To be clear, I have very little insight in to Juul’s marketing plan or anything about them other than what I’ve seen on the news. What I do know though is that some movies appeal to broad audiences, and some appeal to a very narrow band of people who saw them at the right age. Teen movies in particular do not tend to appeal endlessly to teens, but rather to continue to appeal to the cohort who originally saw them.

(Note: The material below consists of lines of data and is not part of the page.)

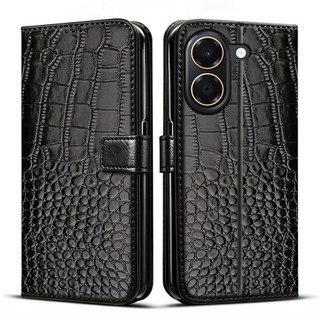 Dành Cho Honor X7e 4G Ốp Lưng Ví Đựng Thẻ Đứng Từ Tính Lật Bao Da Dành Cho Honor X7e 4G Vỏ Điện Thoại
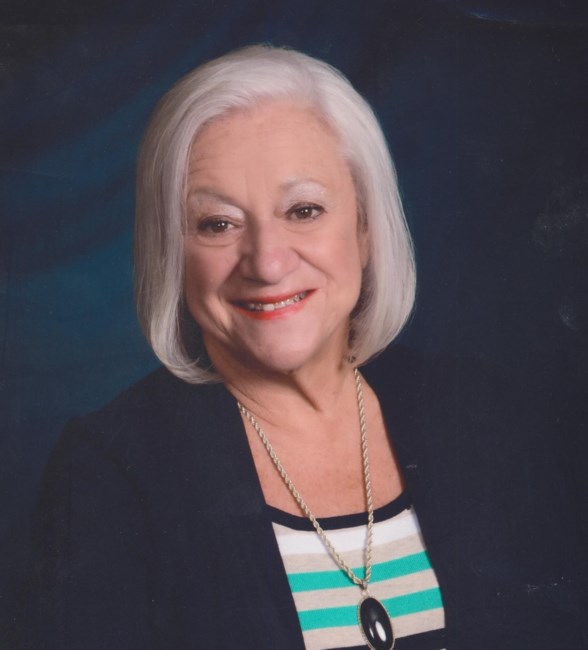 Obituary of Edith Jo Scavuzzo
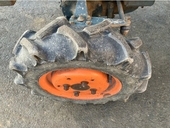 KUBOTA トラクター B5000D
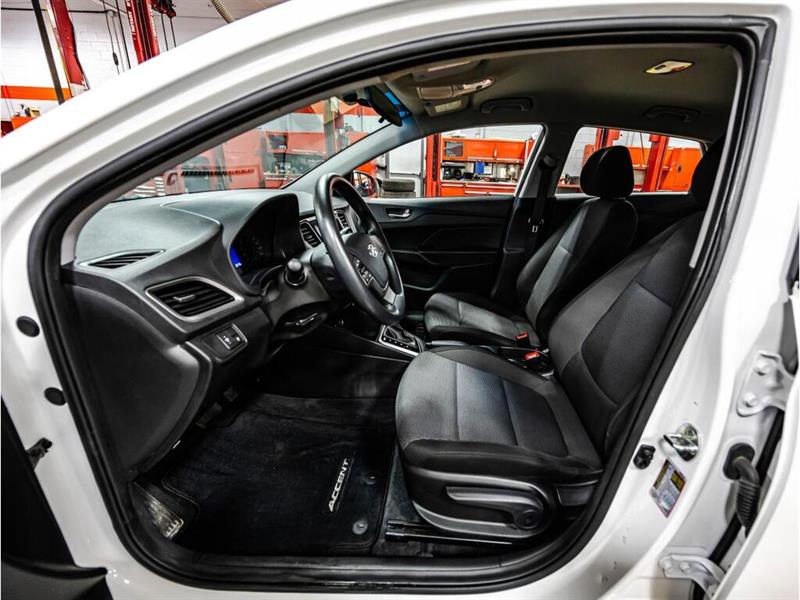 hyundai Accent 2020 - 18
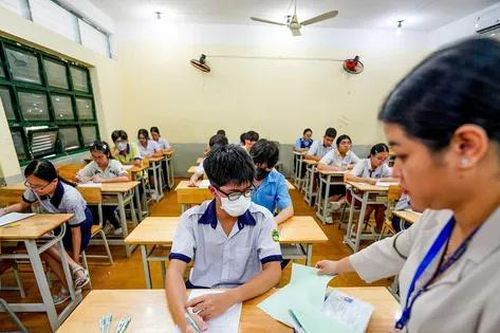 Gợi ý đáp án đề thi Ngữ văn tuyển sinh lớp 10 tại TPHCM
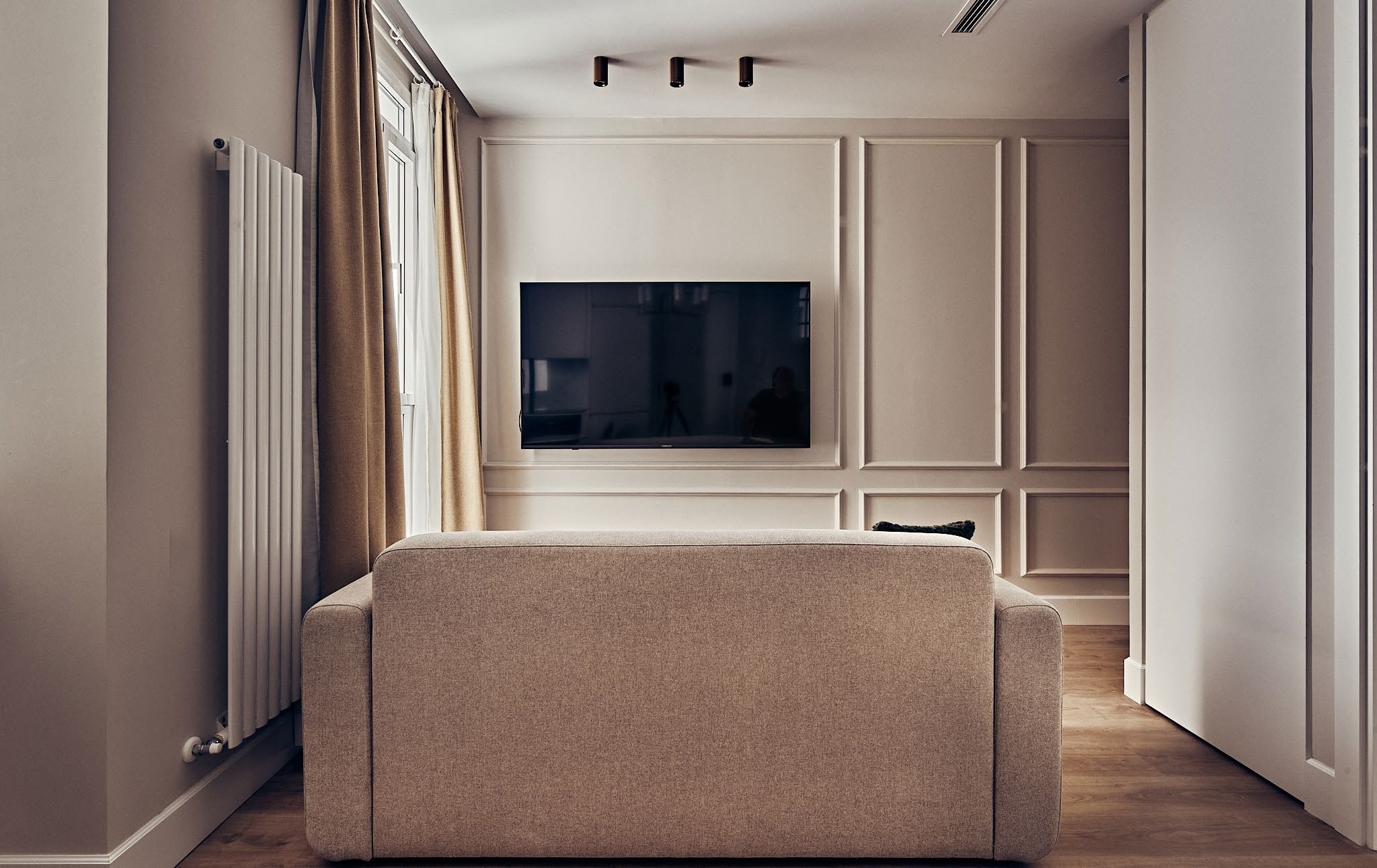 Ayala, 119 · Vivienda reformada de 54 m² en Goya - imagen 6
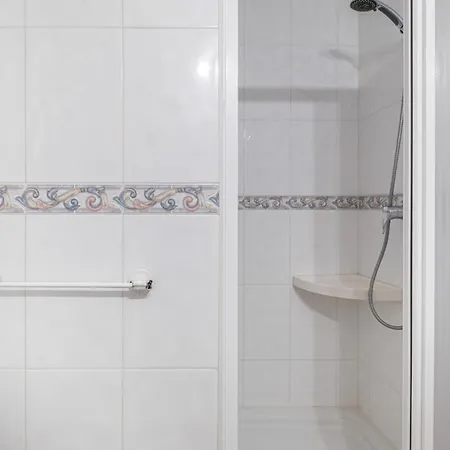 Loixana 10-8 Levante Area Apartment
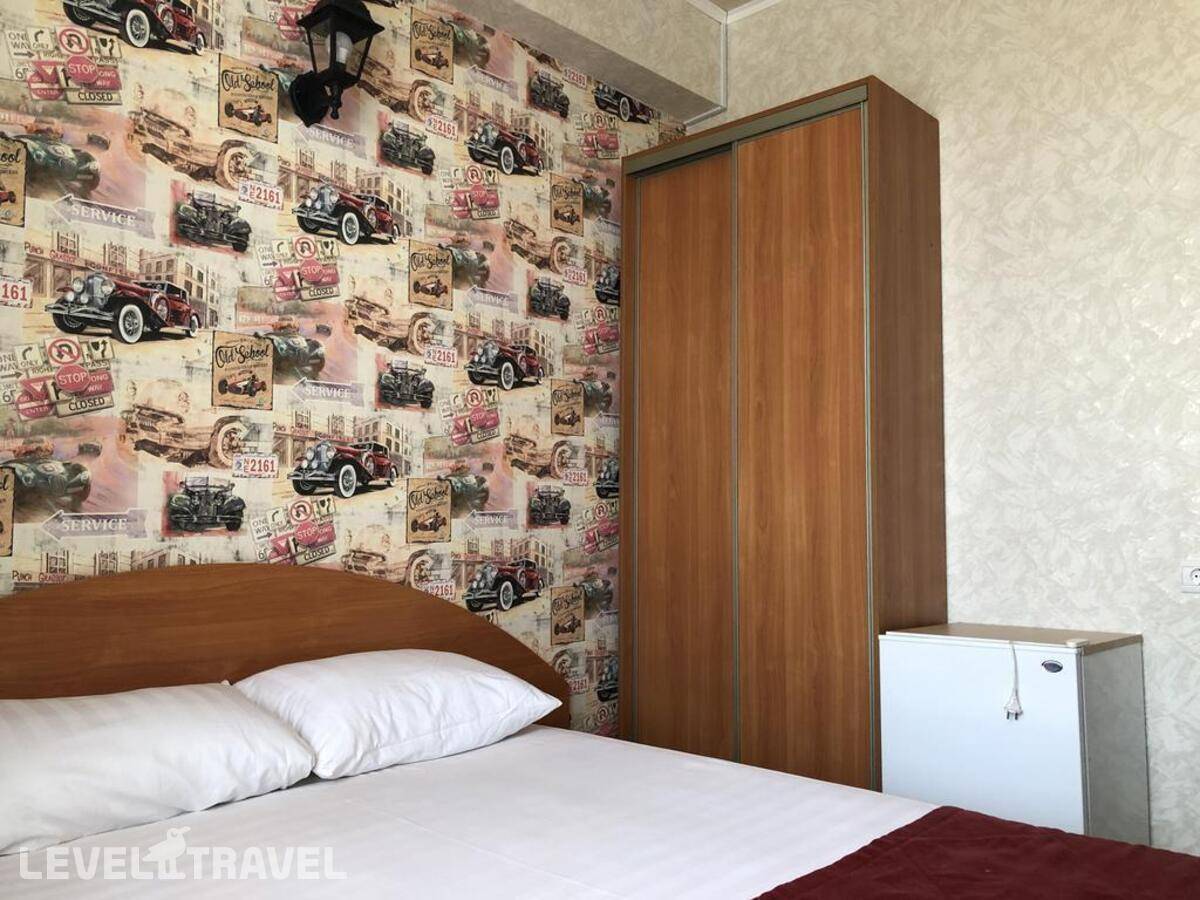 фотографии отеля Гостиница Ретро в Россия(Витязево) - фото №8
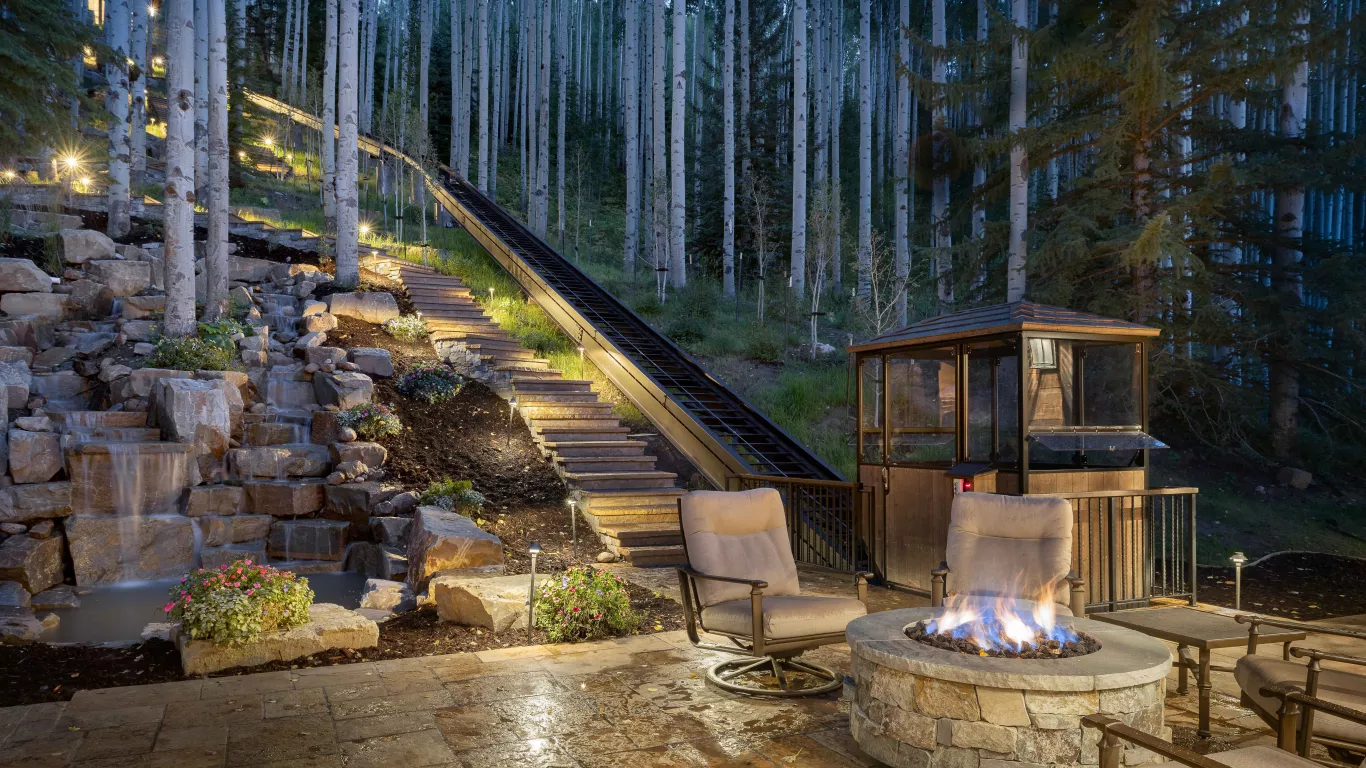 Villa Ascension | Vail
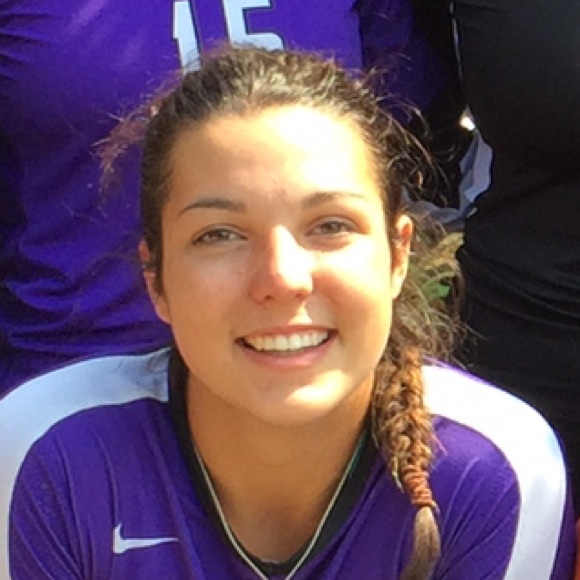 Meet your Posher, Zoe - Picture 1 of 1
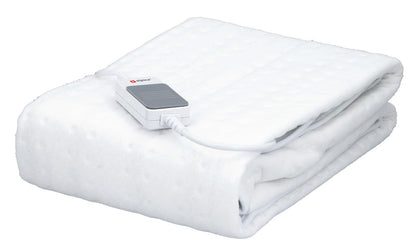Underblanket white 60w PES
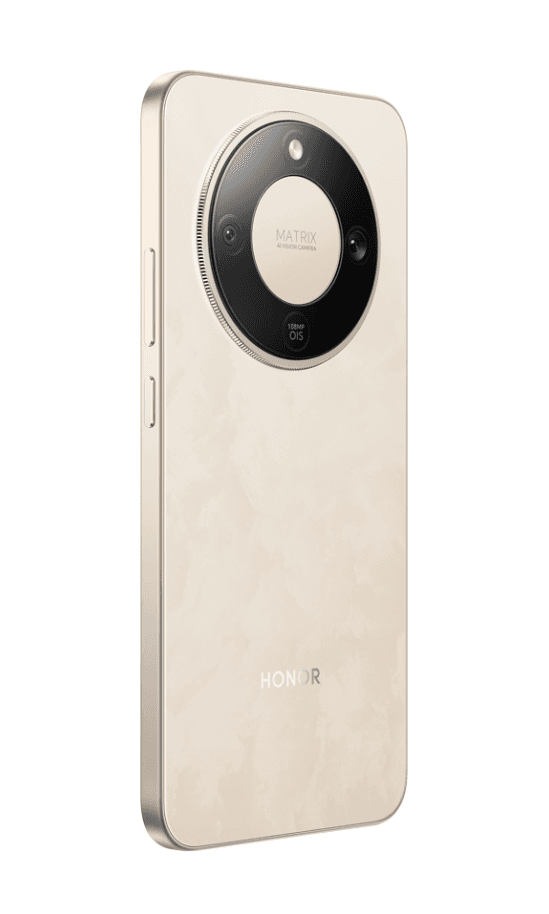 Honor X9d, Dual Sim, 256GB, 12GB RAM, 5G - gold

There is an odd phenomena with some movies where they do poorly in the box office then pick up steam on DVD or cable broadcasts. The movie Hocus Pocus  (1993)is a good example. It was a flop at the box office, but was rebroadcast on ABC Family and the Disney Channel and then landed on a kids “13 Nights of Halloween” special in the early 2000s. This has caused the very odd phenomena of kids who weren’t born when it was released remembering it as a movie of their childhood more than those in the “right” cohort would have.

So basically I think it can be a bit of a challenge to triangulate what pop culture appeals to what age groups, particularly once you are out of that age group. Not that I’m judging. I struggled enough to figure out what was cool with teens when I actually was one. I have no idea how I’d figure it out now.